Fix for RosterItemProvider.java

public Iterator getItems(String username) {

/* comment this, and get this connection a few lines later

con2 = DbConnectionManager.getConnection();

gstmt = con2.prepareStatement(LOAD_ROSTER_ITEM_GROUPS);

*/

// Load all the contacts in the roster

con = DbConnectionManager.getConnection(); // this one may causes a deadlock

pstmt = con.prepareStatement(LOAD_ROSTER);

// Load the groups for the loaded contact

// close the connection and open the next one

con.close();

con = null;

con2 = DbConnectionManager.getConnection();

gstmt = con2.prepareStatement(LOAD_ROSTER_ITEM_GROUPS);

ResultSet gs = null;

/code

Possible problem in DefaultUserProvider.java in deleteUser():

con = DbConnectionManager.getTransactionConnection();

// now the 2nd connection is requested, if many users are deleted this one will block

try {

VCardManager.getInstance().deleteVCard(username);

}

/code

The only valid fix imho would be a cascaded delete using constraints. I think that all serious databases support this feature.

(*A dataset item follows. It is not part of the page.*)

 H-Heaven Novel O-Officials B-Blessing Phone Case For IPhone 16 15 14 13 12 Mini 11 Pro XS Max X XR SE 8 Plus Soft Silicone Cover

Anyway, an invalid fix could be to done in ConnectionPool.java: run() closes idle connections but currently it does not call freeConnection() after doing so. My error: “free” (checkinTime) does not apply here - checkoutTime should be checked … how long may a transaction take? As nearly every db connection is using autocomit such a check s**ks, because it can not rollback the timed out transactions before closing the connection.

Message was extended

Well, this morning I came in thinking I would have to restart the service but everything was working. I hadn’'t even increased the maximum number of connections yet! Out of curiosity I went ahead and opened up the configuration file to see what the maxconections were set at. Here is an excerpt of my settings:

I would think that for 30 users, 40 connections would be an acceptable maximum. Should I change any of these settings?

-Joe

Hi Joe,

I think that also this will lead to a feature request. I already requested a purge cache button, and maybe the server-db.jsp or index.jsp will soon display the number of connections in use.

Min/max=5/10 connections are more than enough for 40 users. But if there are some more possibilities to create a deadlock then you can set maxC even to 100. The worst thing which happens is that your database slows down and consumes a lot of memory for every silly connection.

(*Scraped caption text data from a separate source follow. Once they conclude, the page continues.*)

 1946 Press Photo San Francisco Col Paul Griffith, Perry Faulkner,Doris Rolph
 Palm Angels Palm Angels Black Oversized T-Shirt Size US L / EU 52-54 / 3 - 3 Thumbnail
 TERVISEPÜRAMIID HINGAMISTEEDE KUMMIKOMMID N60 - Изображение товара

Before changing the values you should try to get a threaddump while Wildfire locks, maybe you have a complete different problem

LG

Alrighty, I will leave these settings as is for the time being and get the thread dump once the issue occurs. Although, now that I’'ve reported it the issue will probably NEVER occur again.

-Joe

A dirty hack which closes database connections / long running transactions:

ConnectionPool.java, lines 275ff:

// go over every connection, check it’'s health

for (int i = maxCon - 1; i >= 0; i–) {

if (wrappers[i] == null) {

continue;

}

try {

long time = System.currentTimeMillis();

/* TODO wrappers[i].lockTime */

// rollback after 60 seconds

if ((wrappers[i].checkedout==true) && (time - wrappers[i].lockTime > 60 * 1000))

{

synchronized (conCountLock)

{

cons[i].rollback();

cons[i].close();

wrappers[i] = null;

wrappers[i] = createCon(i);

wrappers[i].checkedout = false;

wrappers[i].checkinTime = time;

Log.error("Rollback connection "+i);

};

freeConnection();

};

synchronized (wrappers[i]) {

/code

Hey guys,

Thanks for reporting this problem and LG for pointing out the problematic areas in the code. Today I checked in a fix for JM-566 that should fix the problem you were observing. The fix will be available in the next nightly build.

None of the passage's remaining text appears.